Our plan was to do it as an overnighter, skiing in, setting up camp at about 11,000 feet, summiting, spending the night, and then skiing out on frozen snow the next morning.

There were, however, two major problems with this plan.  First, there was very little snow.  Second, it was exceptionally warm.

The trailhead sits at 9400 feet.  Bone dry. 


That was somewhat expected since the road was open, and we naively thought we would hit snow shortly up the trail, but alas, that wasn't to be.  Instead it was 3 or 4 miles of hauling overnight packs with an additional 12-14 pounds of AT gear up the trail. 


In addition, the Kings Peak trail is nearly pan flat.  So you don't get an abrupt transition from no snow to snow.  Instead, one gets miles of patchy snow.  To ski or not to ski that is the question we asked for some time.  Further, the snow was totally rotten, with postholling aplenty.  This led to rat-maze-like routes on snow patches, frequent ski removal, and lots of skinning across grass, mud, and rocks.




Did I mention swimming?  Well, none of that was done, but it was plenty boggy in many places.  Did I mention collapsable snow?  Plenty of that, even with skis on. 

This continued for some time, but we were hopeful that when we reached Elkhorn Crossing at 10,500 feet, things would surely improve.

Sadly, they didn't.  Look at all that bare ground!


We had hopes that perhaps the western side along the trees would be better, so we crossed the bridge, which thankfully was there as fording the stream here would have been impossible.

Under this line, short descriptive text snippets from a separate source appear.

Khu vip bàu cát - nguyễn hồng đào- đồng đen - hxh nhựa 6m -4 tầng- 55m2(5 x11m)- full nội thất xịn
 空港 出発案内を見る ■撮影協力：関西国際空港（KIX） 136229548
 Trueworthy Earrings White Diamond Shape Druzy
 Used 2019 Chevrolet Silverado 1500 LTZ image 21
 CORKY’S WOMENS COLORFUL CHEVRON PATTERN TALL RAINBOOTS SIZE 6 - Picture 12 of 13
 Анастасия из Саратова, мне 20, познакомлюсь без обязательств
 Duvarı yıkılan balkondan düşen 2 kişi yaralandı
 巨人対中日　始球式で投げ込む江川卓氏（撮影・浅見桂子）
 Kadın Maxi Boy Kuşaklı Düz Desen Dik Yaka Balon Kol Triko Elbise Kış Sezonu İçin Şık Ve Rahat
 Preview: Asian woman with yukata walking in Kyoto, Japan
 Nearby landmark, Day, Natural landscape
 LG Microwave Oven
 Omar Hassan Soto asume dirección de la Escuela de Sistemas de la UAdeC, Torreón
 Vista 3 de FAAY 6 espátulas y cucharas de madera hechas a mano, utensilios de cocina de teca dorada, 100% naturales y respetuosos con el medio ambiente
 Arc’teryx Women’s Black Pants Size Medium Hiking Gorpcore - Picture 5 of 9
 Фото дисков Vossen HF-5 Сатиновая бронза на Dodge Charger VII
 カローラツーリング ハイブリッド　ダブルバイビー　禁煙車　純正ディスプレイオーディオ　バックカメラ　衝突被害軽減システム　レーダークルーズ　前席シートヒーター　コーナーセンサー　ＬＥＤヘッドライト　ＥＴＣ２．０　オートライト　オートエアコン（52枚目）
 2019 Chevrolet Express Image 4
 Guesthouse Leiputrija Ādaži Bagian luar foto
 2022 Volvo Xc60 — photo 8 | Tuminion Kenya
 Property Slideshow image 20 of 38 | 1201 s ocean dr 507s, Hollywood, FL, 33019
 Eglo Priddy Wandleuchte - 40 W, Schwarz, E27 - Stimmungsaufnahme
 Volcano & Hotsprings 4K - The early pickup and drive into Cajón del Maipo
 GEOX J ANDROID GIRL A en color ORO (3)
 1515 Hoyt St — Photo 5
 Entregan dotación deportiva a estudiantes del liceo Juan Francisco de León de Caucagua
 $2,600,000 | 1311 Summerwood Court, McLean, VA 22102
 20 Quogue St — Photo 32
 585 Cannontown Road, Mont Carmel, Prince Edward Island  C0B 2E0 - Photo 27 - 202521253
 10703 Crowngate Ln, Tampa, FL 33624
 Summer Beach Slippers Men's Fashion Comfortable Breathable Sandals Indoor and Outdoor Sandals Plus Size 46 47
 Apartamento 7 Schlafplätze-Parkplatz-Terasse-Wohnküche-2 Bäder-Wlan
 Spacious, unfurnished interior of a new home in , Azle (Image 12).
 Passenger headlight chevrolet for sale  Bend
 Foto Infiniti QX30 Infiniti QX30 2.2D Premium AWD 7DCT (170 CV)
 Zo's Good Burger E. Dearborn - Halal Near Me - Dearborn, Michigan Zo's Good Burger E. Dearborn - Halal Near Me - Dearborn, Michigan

We then tried a few options.  One was working our way through the woods above the trail, which proved extremely difficult due to the limited snow cover, downed trees, bare spots, and the like.  We then dropped down to nearer the trail and moseyed along some more, but finally shortly after this photo was taken, we realized we were well behind schedule. 


At that point, we had a few of options.  Reaching the summit that day seemed nearly impossible.  Our pace was much slower than we expected.  If we were to make it, it would be late and we'd be exhausted.  At 25, I would have surely given it a shot, but at 50, it seemed like a recipe for disaster.  Further, at this point we had seen absolutely nobody.  It seemed a foolish move.

Another option was to go a bit further, camp for the night, and summit in the morning on firmer snow.  That seemed doable, but the exit out then would be a painful one involving the same sorts of travel conditions we'd experienced so far.  Two days of this wasn't looking like fun.

Ultimately, we decided it wasn't our day and to pack it in.  We then trudged 6-7 miles back to the trailhead, taking a few photos above the crossing for memories.




Over the past couple of weeks, I had tracked the snowpack at SNOTEL stations in the Uintas.  Several were at zero prior to our trip, but others had 10-15 inches.  I found it hard to believe that there was zero snow along the Kings Peak Route, and really, there wasn't.  There just wasn't enough to piece together a reasonable approach.  Confirmation bias and wishful thinking led me to conclude that there would be more snow than there was. 

Lessons learned: Kings Peak is really meant for light weight backcountry gear on a healthy snowpack.  A time machine to take me back to my 20s might also be helpful!